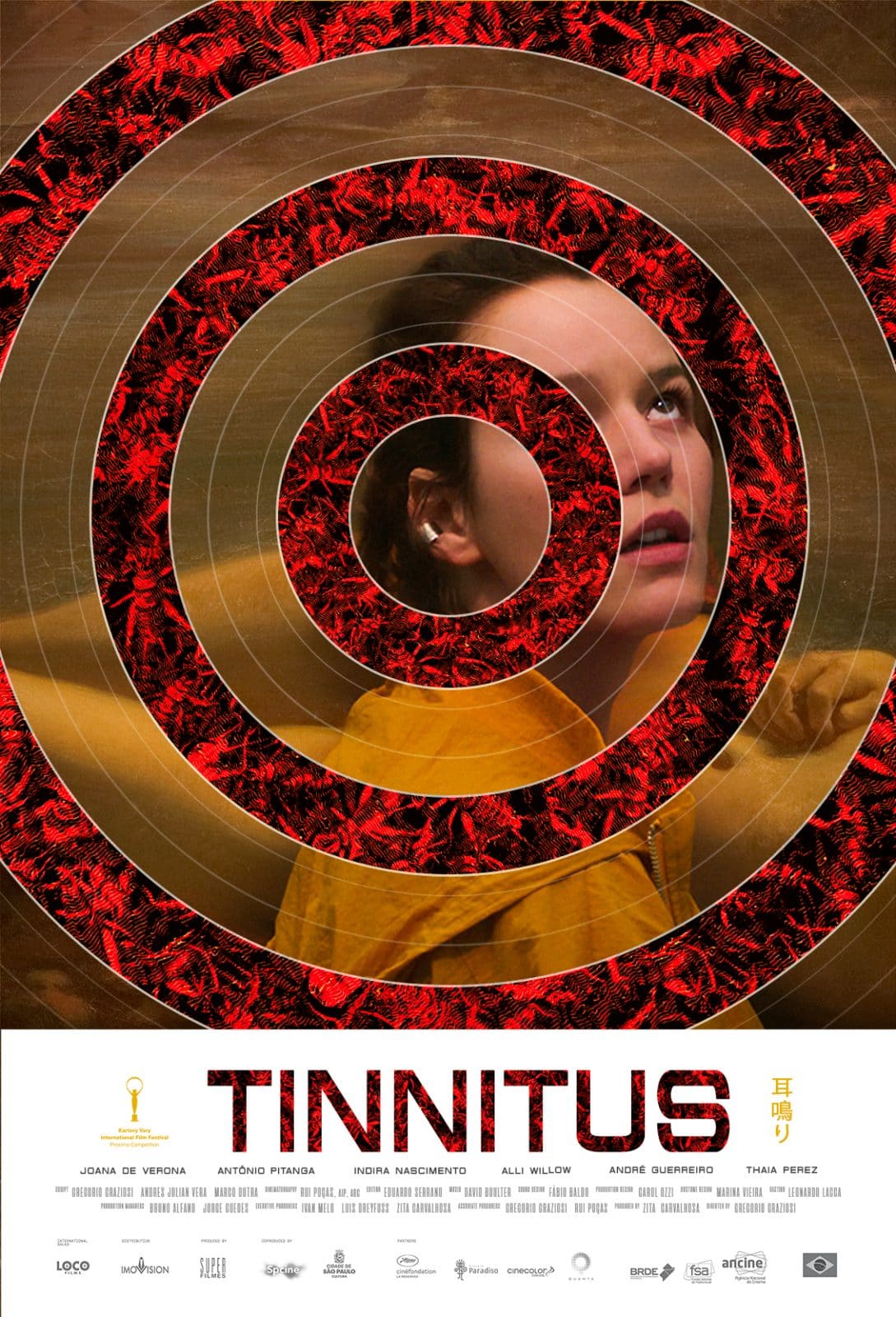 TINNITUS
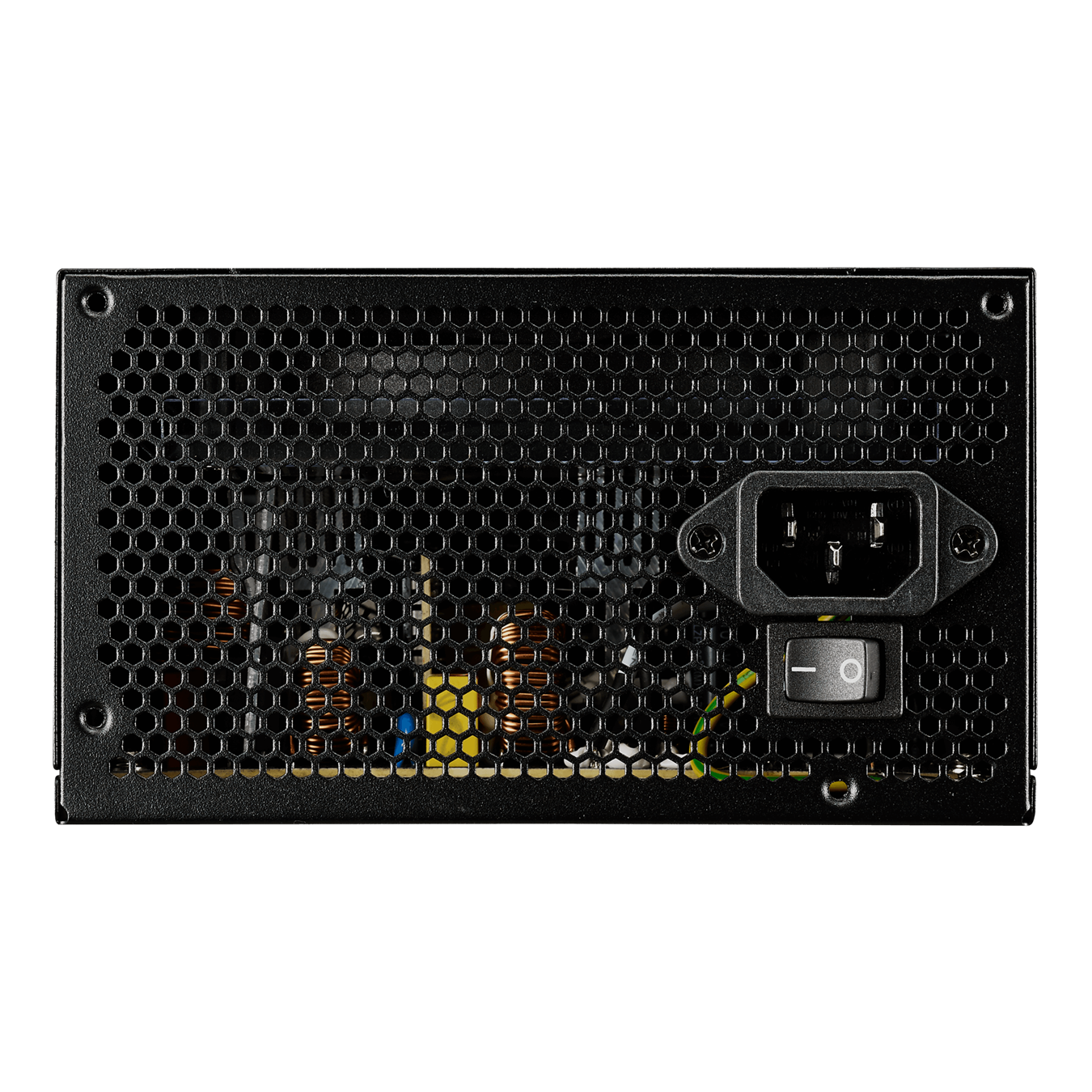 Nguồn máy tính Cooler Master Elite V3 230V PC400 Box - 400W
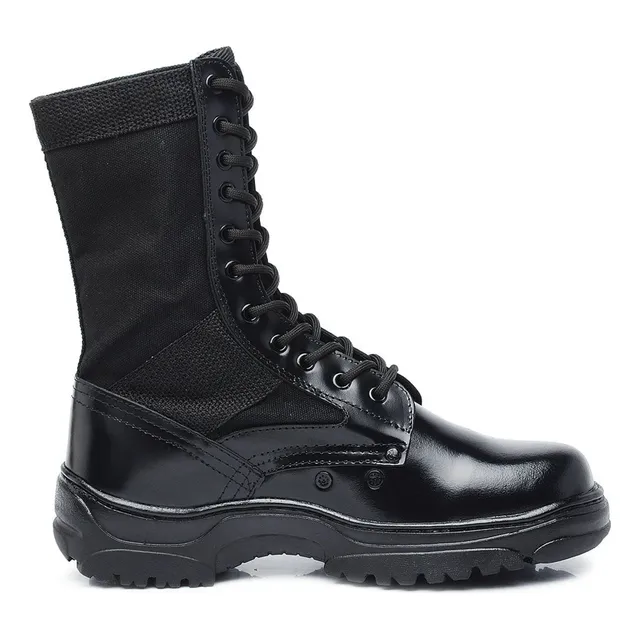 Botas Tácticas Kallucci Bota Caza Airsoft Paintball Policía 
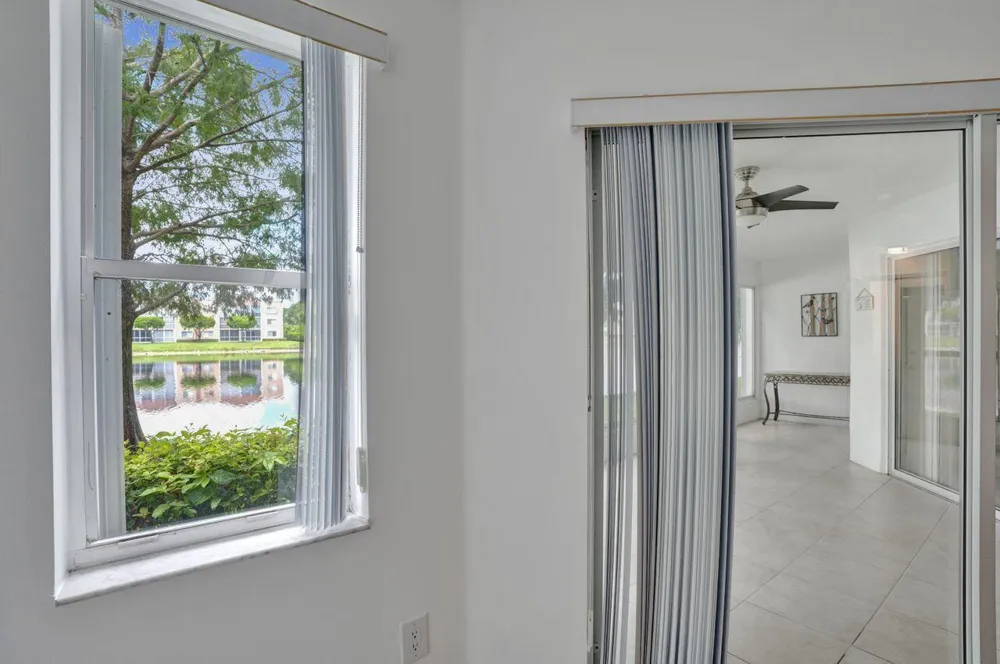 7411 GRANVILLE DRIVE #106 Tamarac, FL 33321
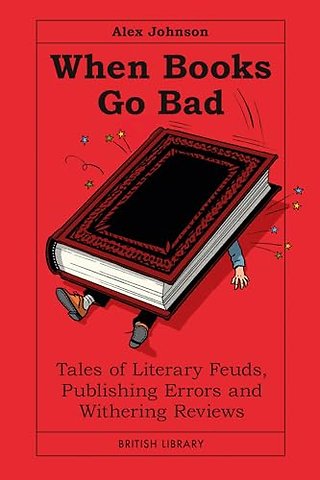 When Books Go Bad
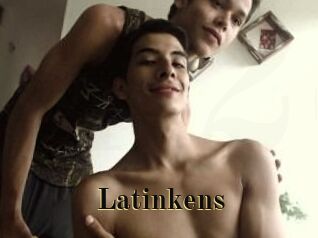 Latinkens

◆ ◆ ◆ ◆ ◆ ◆ ◆

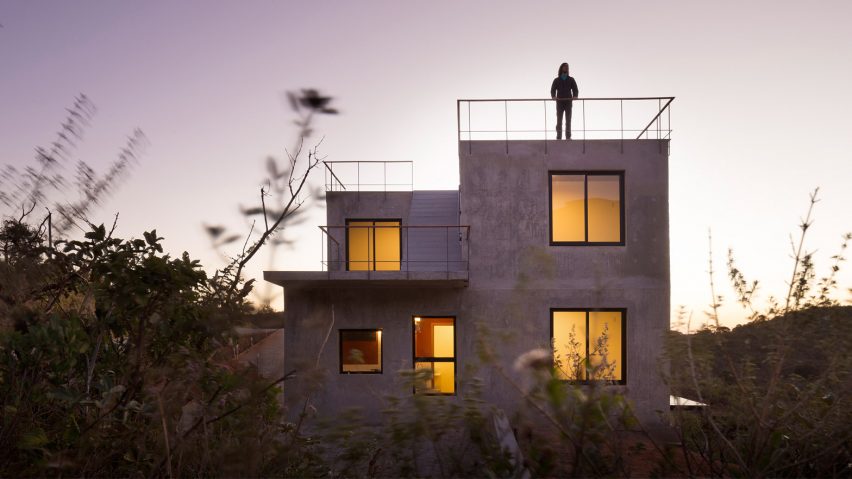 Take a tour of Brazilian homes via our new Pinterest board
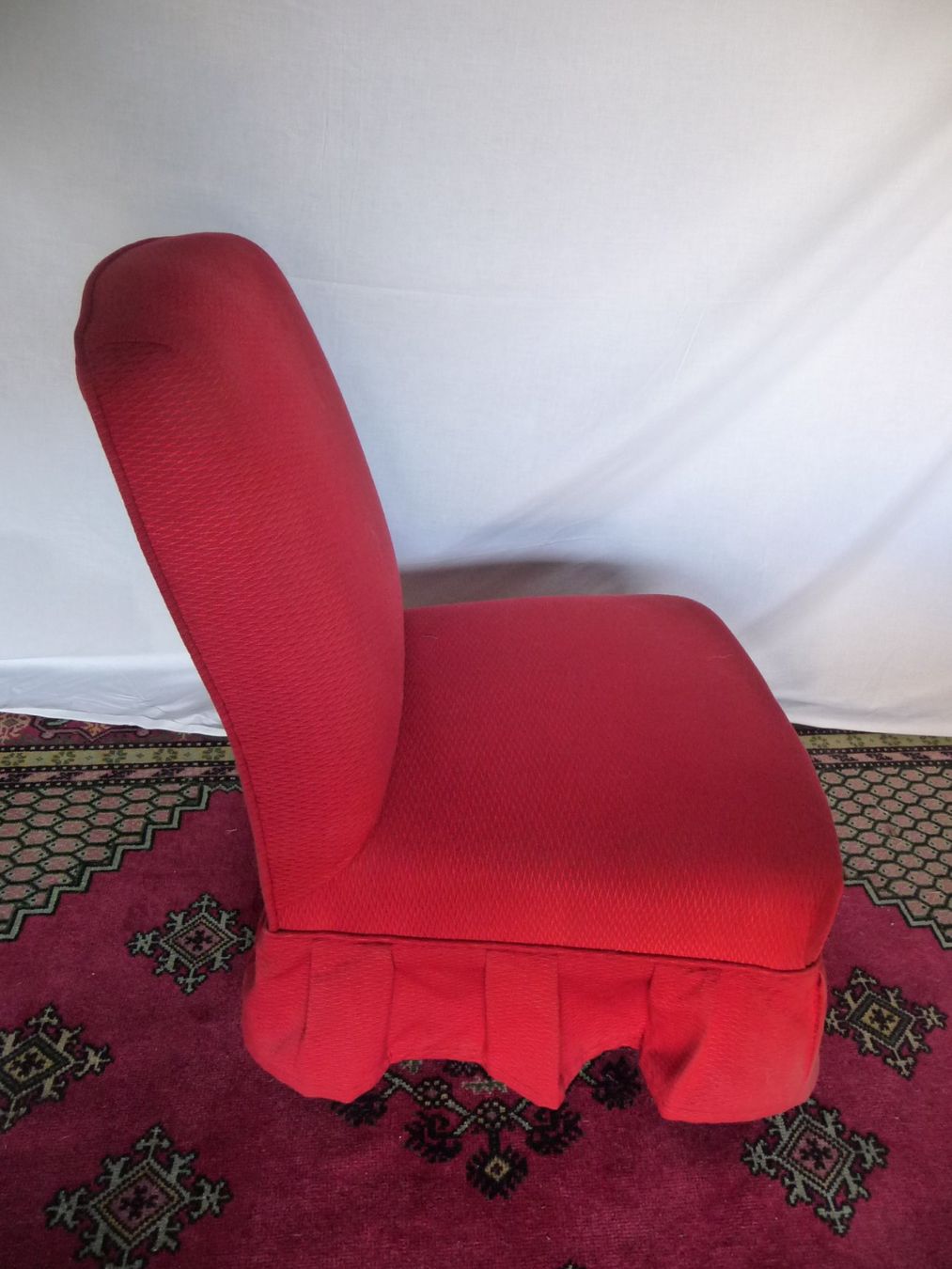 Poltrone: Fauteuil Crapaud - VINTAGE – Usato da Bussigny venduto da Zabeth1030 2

◆ ◆ ◆ ◆ ◆ ◆ ◆

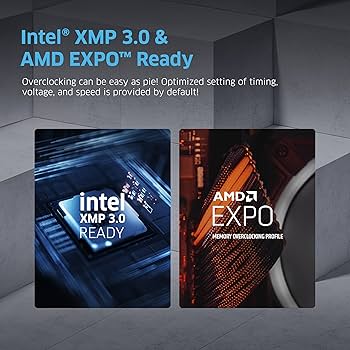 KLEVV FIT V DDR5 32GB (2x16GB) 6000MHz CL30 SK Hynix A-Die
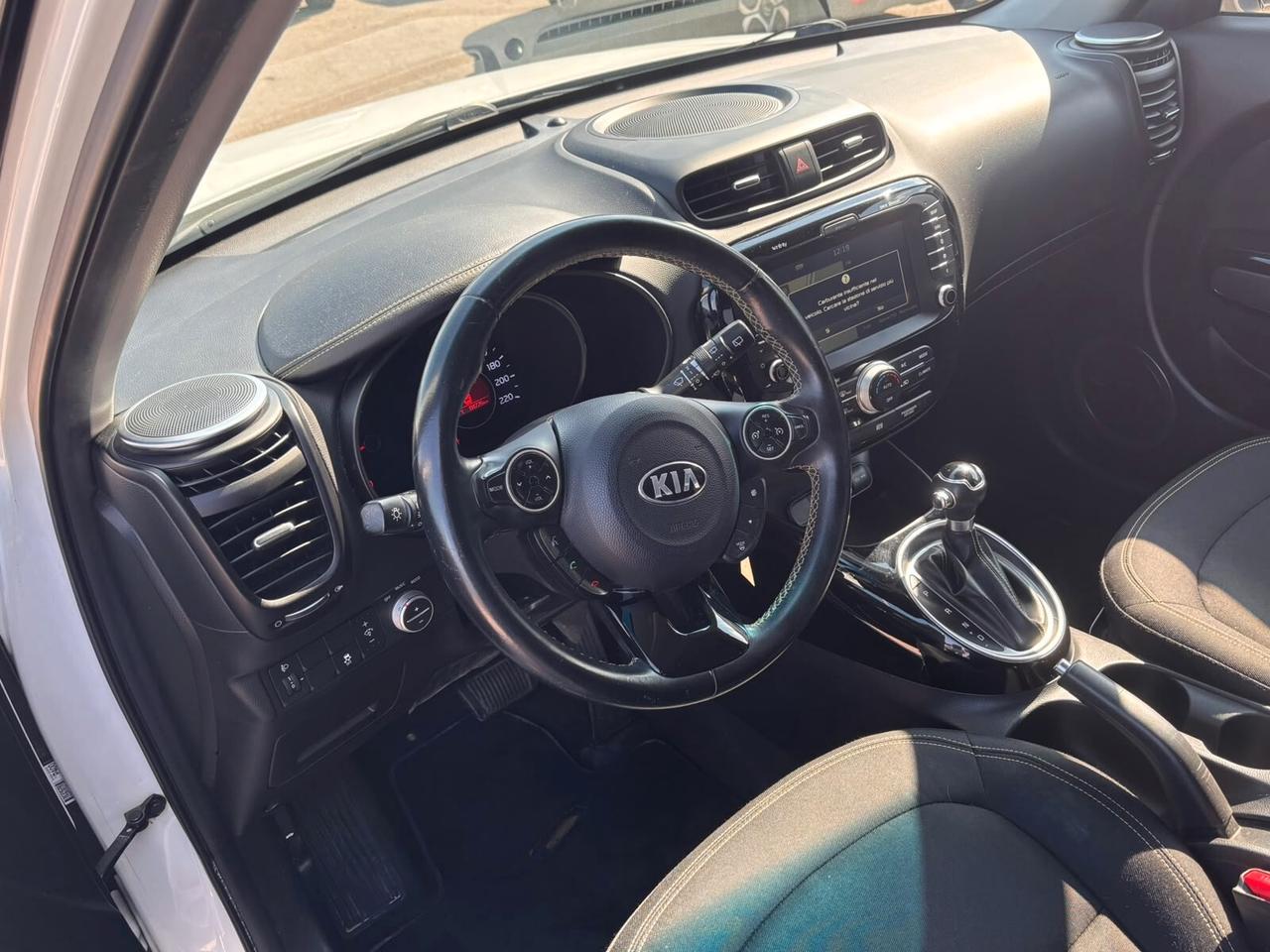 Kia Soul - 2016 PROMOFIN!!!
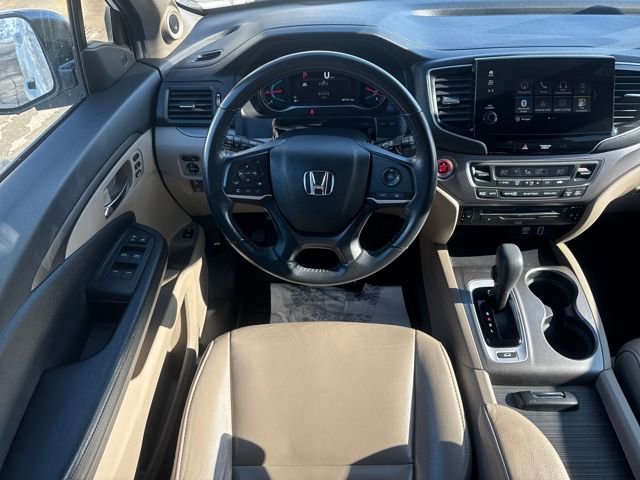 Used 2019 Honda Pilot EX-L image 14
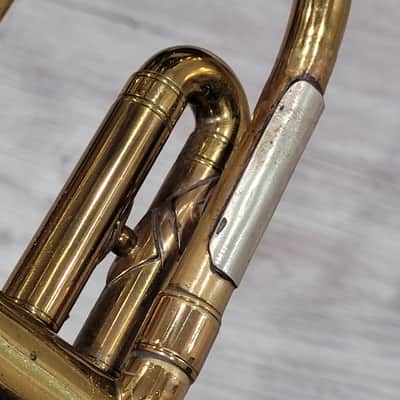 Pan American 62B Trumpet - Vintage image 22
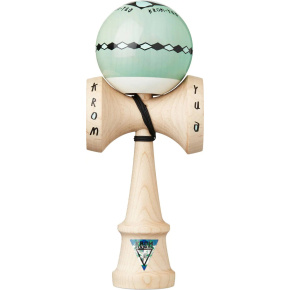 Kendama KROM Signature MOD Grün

◆ ◆ ◆ ◆ ◆ ◆ ◆

Return the lines above from the one with "Kia Soul - 2016 PROMOFIN!!!" through the one with "Kendama KROM Signature MOD Grün", verbatim and nothing else. Omit every picture.

### Output below
 Kia Soul - 2016 PROMOFIN!!!
 Used 2019 Honda Pilot EX-L image 14
 Pan American 62B Trumpet - Vintage image 22
 Kendama KROM Signature MOD Grün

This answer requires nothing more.